Moderation and misinformation – Facebook fires back against abuse claims

22 September 2021

Senator Mike Lee photographs a display at a Senate Judiciary Committee hearing titled, “Breaking the News: Censorship, Suppression, and the 2020 Election” on Facebook and Twitter’s content moderation practices, on Capitol Hill last year. (Photo by HANNAH MCKAY / POOL / AFP)

Facebook on Tuesday fired back after a series of withering Wall Street Journal reports that the company failed in its moderation attempts to keep users safe, with the social media giant noting an increase in staff and spending on battling abuses.

The company has been under relentless pressure to guard against being a platform where misinformation and hate can spread, while at the same time remain a forum for people to speak freely. A lot of this comes down to content moderation fault lines or blatant ignoring of findings from their own studies, and Facebook has struggled to respond to these allegations until now.
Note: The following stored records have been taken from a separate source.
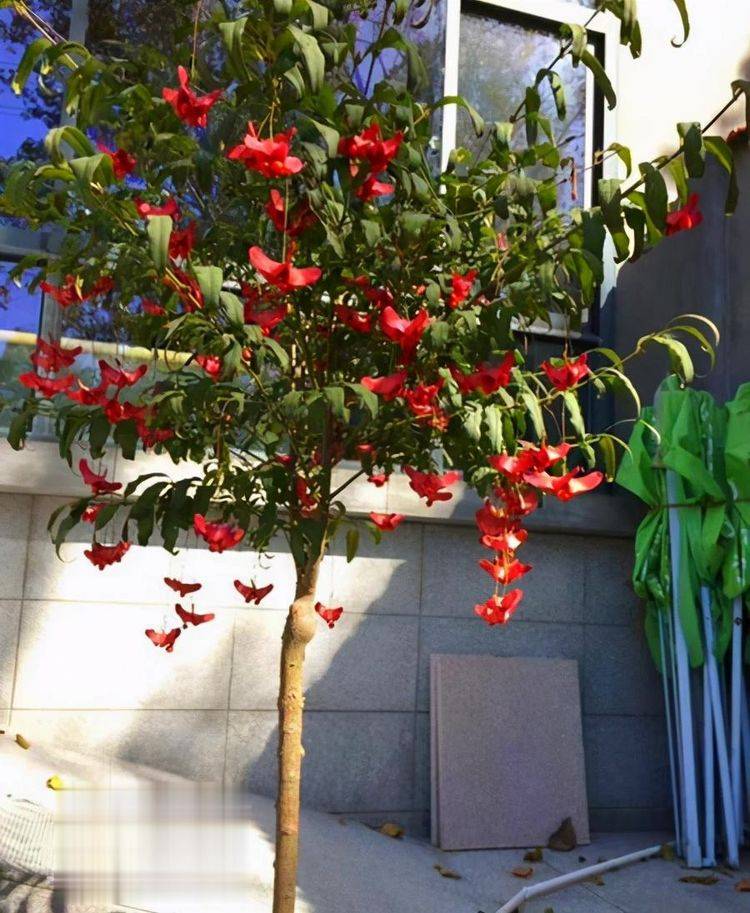 满树挂满了蝴蝶花,名叫金丝吊蝴蝶,养成树太美了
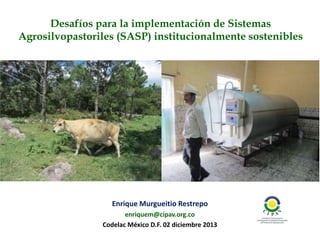 Desafíos para la implementación de Sistemas
Agrosilvopastoriles (SASP) institucionalmente sostenibles

Enrique Murgueitio Restrepo
enriquem@cipav.org.co
Codelac México D.F. 02 diciembre 2013

 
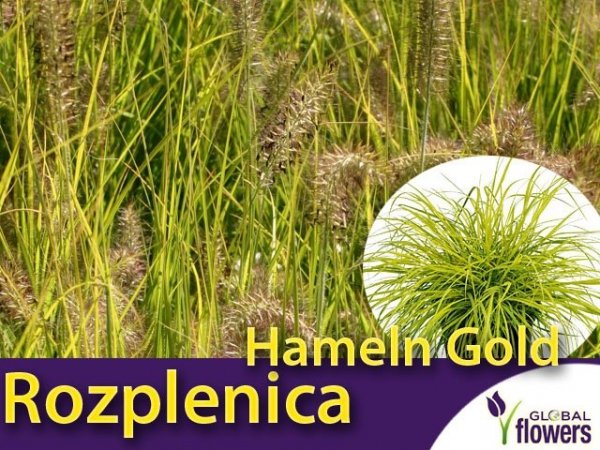 Rozplenica Piórkowa 'Hameln Gold' sadzonka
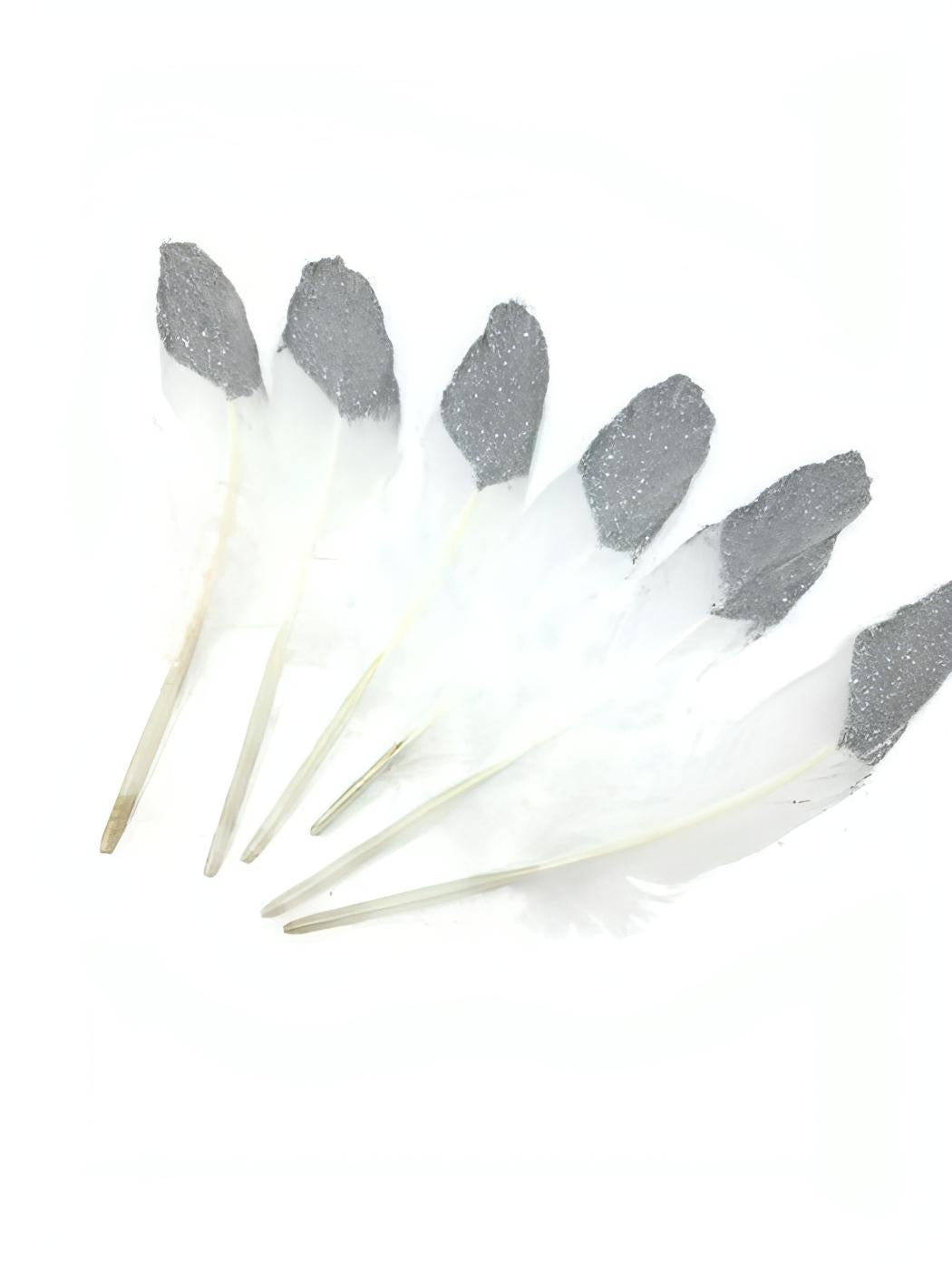Half Silver Glitter-Dipped Feathers - 20cm (Pack of 6)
A series of recent Wall Street Journal reports said the company knew its Instagram photo-sharing tool was hurting teenage girls’ mental health, and that its moderation system had a double standard allowing VIPs to skirt rules. One of the articles, citing Facebook’s own research, said a 2018 change to its software ended up promoting political outrage and division.

But Facebook said yesterday that it has spent in excess of US$13 billion over the past five years, on teams and technology devoted to fighting abuses on its platforms. Some 40,000 people now work on safety and security for the California-based tech giant, quadruple the number in the year 2016, according to Facebook.

“How technology companies grapple with complex issues is being heavily scrutinized, and often, without important context,” Facebook contended in a blog post. The social network launched an about.facebook.com/progress website to showcase work done to counter abuses.

Facebook’s Nick Clegg also attacked the reporting in a blog post last weekend, saying that the series of articles was unfair. “At the heart of this series is an allegation that is just plain false: that Facebook conducts research and then systematically and willfully ignores it if the findings are inconvenient for the company,” he wrote.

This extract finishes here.